When life gets tough, I like to watch other people’s lives get tougher. In Germany or Avenue Q, this is called shadenfreude; in America, this is called haphazardly engaging in political discourse on social media, or watching just about any popular TV drama. Forgoing the Covfefe hoo-ha, I recently committed instead to a teen soap opera — a precious genre rife with death and tragedy and youth pregnancy scares.

Several episodes deep into a show like Party of Five (1994-2000) and my day-to-day seems pretty alright. The walls begin to lean blessedly outward instead of in.
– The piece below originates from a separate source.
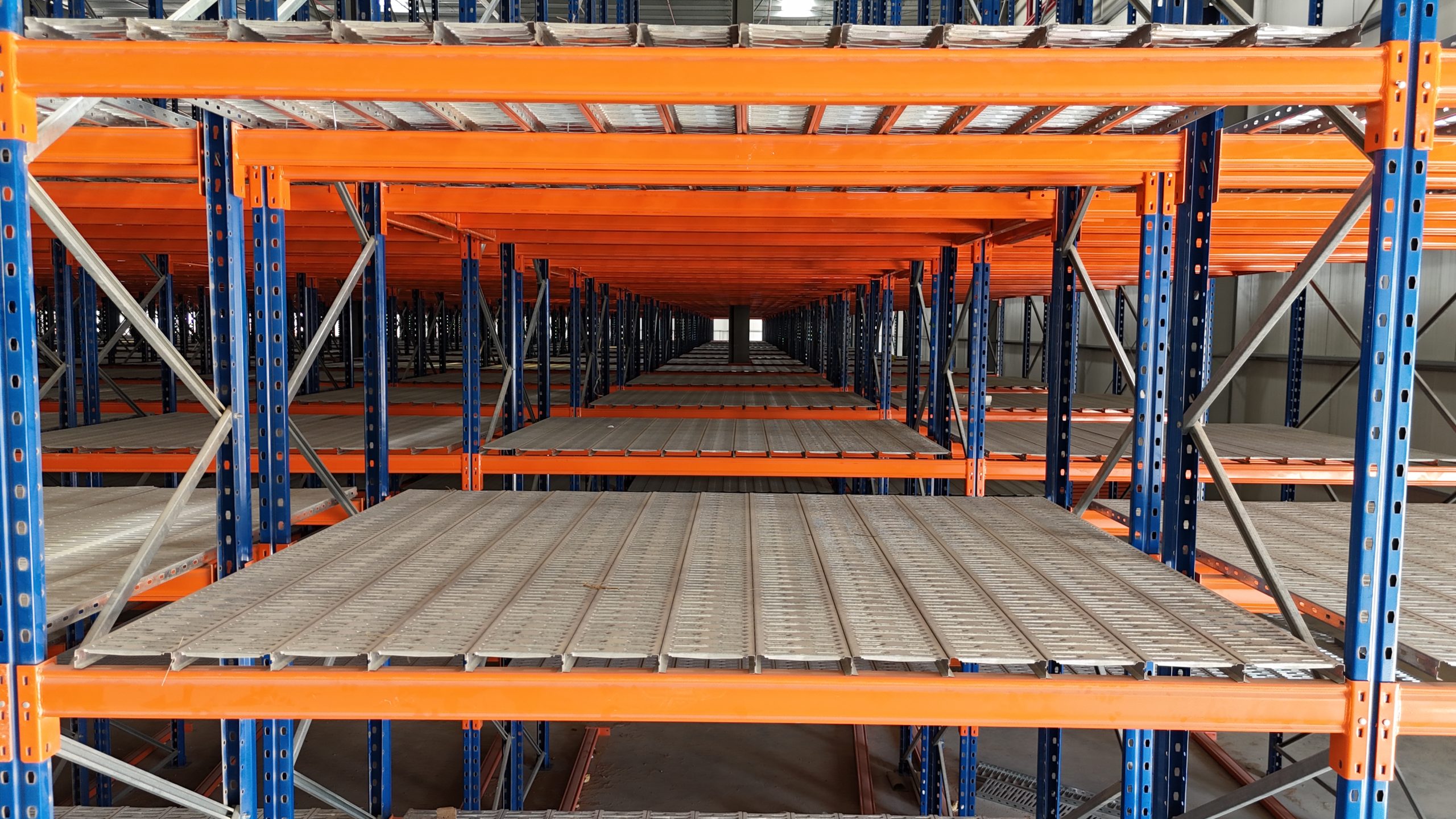 Pallet Racking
I can breathe, and I kind of make sense to myself again.

Party of Five (re-released on Netflix this year) follows the five Salinger siblings as they cope with life following the sudden death of their parents. Where the show starts, the oldest sibling, Charlie (played by Matthew Fox of Lost), resists and runs from his new role as guardian.

Hmmm…“resists and runs” from parenthood. Sounds familiar. I might know a guy.
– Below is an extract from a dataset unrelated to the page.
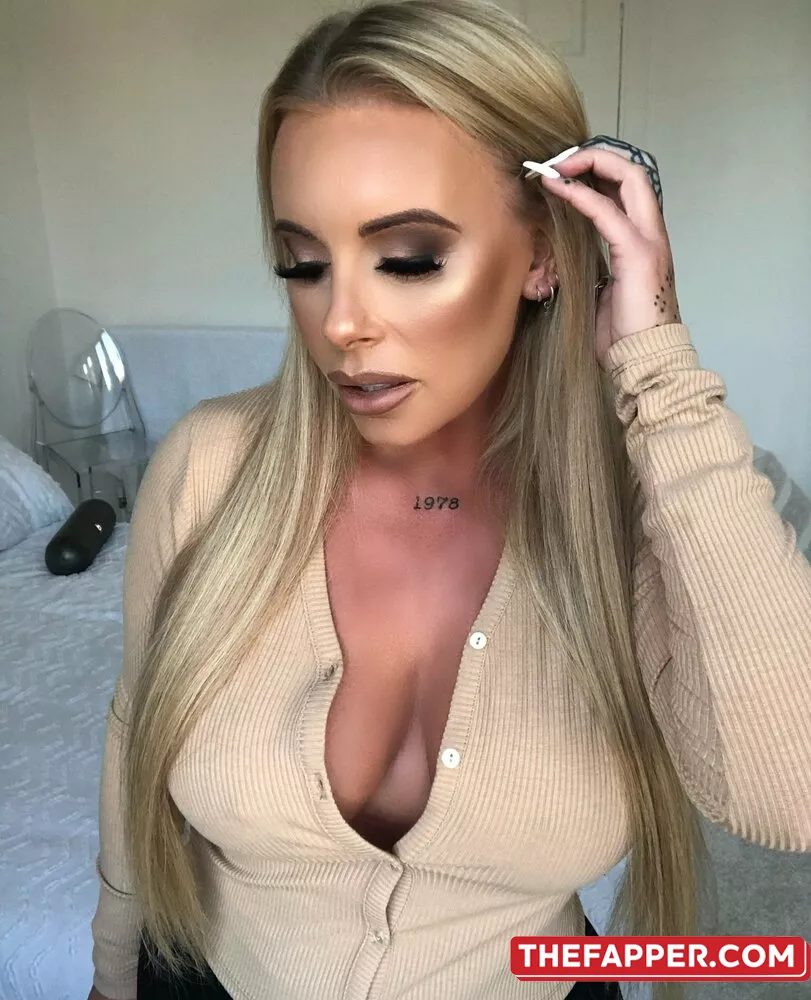 Jennifer Thomson  Onlyfans Leaked Nude Image #giWxHQNMxQ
At 24, Charlie had been deep into 20-something life, bar-hopping, bed-hopping, and job-hopping. He was doing what many kids do right out of college — trying to find his own way. But after the death of his parents, who were killed by a drunk driver, Charlie is slowly forced into a way not of his own choosing: parenting his four younger siblings (the youngest of whom is an infant).

Some people like to escape into stories that are exotic and foreign to their lives. In this early-parenting phase of life, I like to ugly-cry into the mirror.

Odd as it seems, Charlie Salinger is the most accurate portrayal of identity-loss in parenthood I may have ever seen.

I very unintentionally came down with my first pregnancy at just several weeks married. And I don’t mean to compare carelessness between the sheets to a tragic death, but lately I’ve succumbed to this feeling that motherhood is something that happened to me — like a planter’s wart or a rogue splatter of bird poo — as opposed to this cherished role I was made to fill. In a small way, parenthood has indeed involved a death: a death to myself. The grief comes and goes.

Most days, I see my children as this perfect, hilarious gift I never asked for. Most days, our lives seem like this magical adventure-story I never would have written for myself. But in the tight spaces between that very real gratitude, sometimes lurking underneath it, threatening to undo it altogether, is the very real longing for my freedom.

I miss doing little things like staying up late or, at the absurd hour of 6pm, deciding to go out for dinner. I miss seeing movies in theaters, perusing the grocery store alone and at the time of my choosing, adults-only weekend trips (without paying a babysitter, or wasting time scrolling through pictures of my kids because I’M HOMESICK FOR THOSE JOKERS). These things seem small. But in the terrible grips of identity-grief, they feel catastrophic. Not to mention the king’s ransom of lost things like dreams and time — time to work, to write, to foster adult friendships, to fill roles that come to me so much more effortlessly.

I wrestle, I give in, and then I wrestle some more.

I am blocked at this juncture of who I feel I was created to be, versus who I actually am: parent.

In the build-up of the first episode of Party of Five, Charlie has refused to move out of his own apartment and back into the house with his siblings. He loses a huge chunk of the family’s money, and relinquishes the responsibility of parenting to the kids themselves.

Bold. And I’ve considered it.

With Charlie, the family must suffer his inner-struggles and his many and unpleasant shortcomings. But without him, they cannot get by at all. They’ll either be taken by social services, or fall apart completely. They need him. By the end of the episode, Charlie seems to finally realize this. He moves home and painfully puts aside his pursuit of a career in woodworking, choosing instead to provide for his family in the immediate. He takes a bartending job at his late-father’s restaurant.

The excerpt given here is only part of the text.